REGION — As doctors report an uptick in advanced-stage melanoma diagnoses, Dr. Hugh Greenway, a dermatologic surgeon with Scripps MD Anderson Cancer Center, is ramping up his message of prevention and treatment for Skin Cancer Awareness Month this May.
Since COVID-19, many patients later diagnosed with advanced-stage melanoma, the most serious of skin cancers, weren’t conducting frequent check-ups with healthcare providers.
“We have had a number of patients who just didn’t go see their doctor and thus didn’t get checked early, so we’re seeing a rebound and an increased incidence of melanoma in many patients,” Greenway said. “Unfortunately, this means there was also an increase in the melanomas that perhaps are a little more advanced because the patient couldn’t be seen for a couple of years for various reasons, including COVID-19. If you’re going to live here in San Diego, I tell all our people that you need to have your skin checked at least once a year, either by your dermatologist or your family physician.”

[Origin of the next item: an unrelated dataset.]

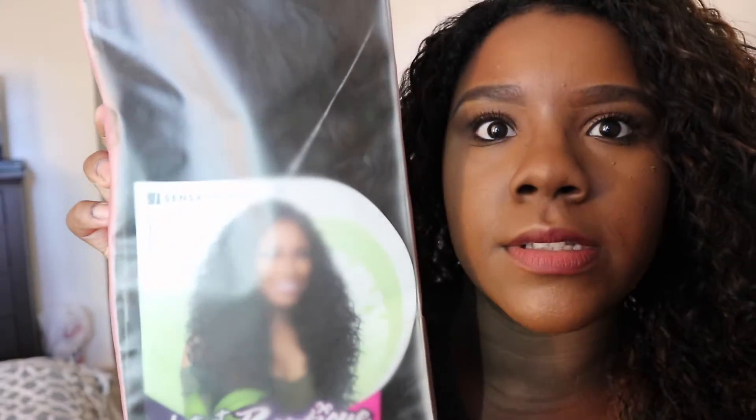But the review I'm going to do today is on this wig — if you guys can see it. This is the Boutique Deep in color 1b. This is a Model Space wig.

When getting accessed, Greenway and his team of dermatologists look for the three types of skin cancers in patients when they come into the office.
“There are three main types of skin cancer: basal cell carcinoma, squamous cell carcinoma, and melanoma,” Greenway said.
Melanoma, the biggest threat to patients’ lives, is closely looked for when getting an exam.
“We pay significant attention to it because melanoma’s the type of skin cancer that can spread and metastasize and can lead to killing people,” Greenway said. “However, if you catch it early, we can easily cure it with surgical excision. We have somewhere between 7,500 to 8,000 people who die of melanoma each year, but we’re doing better in terms of our cure rates and things for advanced melanoma.”
Several reasons, including genetics, prolonged sun exposure and a history of sunburns, can cause melanoma. Greenway and his office of 25 other dermatologists see around three to four new melanoma cases each week.
When it comes to a treatment plan, catching melanoma in an early stage makes it easier to cure. But if it is further along, immunotherapies are used to combat cancer.
“The mainstay for treatment of melanoma is to remove it surgically, and we do that in my clinic in Scripps. We do a Mohs surgery on some melanomas and a wide excision on others, depending on the case,” Greenway said. “If they’re a little more advanced, then the patient may have their lymph node removed. If the melanoma has spread beyond that, perhaps to the liver, brain, or other organs, we’re much better today in treating advanced melanoma patients with immunotherapies.”
Even with treatment, there is a chance that melanoma may come back in the patient’s lifetime at about a 10% chance once it is removed.
“Now, one out of ten is a fairly low risk, but it’s much higher than that of somebody in the average population who’s never had a melanoma,” Greenway said. “So, if you’ve had a melanoma, we want you to be seen more often. We usually say three months for every three years, then six months for a couple of years, but after that, at least once a year to be checked.”
According to Greenway, there are numerous steps for prevention to avoid getting any of the three types of skin cancer.
“We understand, as doctors, you’re going to be out in the sun. But you need to avoid getting sunburnt, which falls into the area of needing to wear sunscreen,” Greenway said. “You need sunscreen on the exposed skin of at least a UV 30.”
Greenway also recommends scheduling activities when the sun is not at its highest point, either in the morning, later afternoon or night. Wearing a hat and sunglasses while using sunscreen is also an effective tool for added protection against prolonged sun exposure.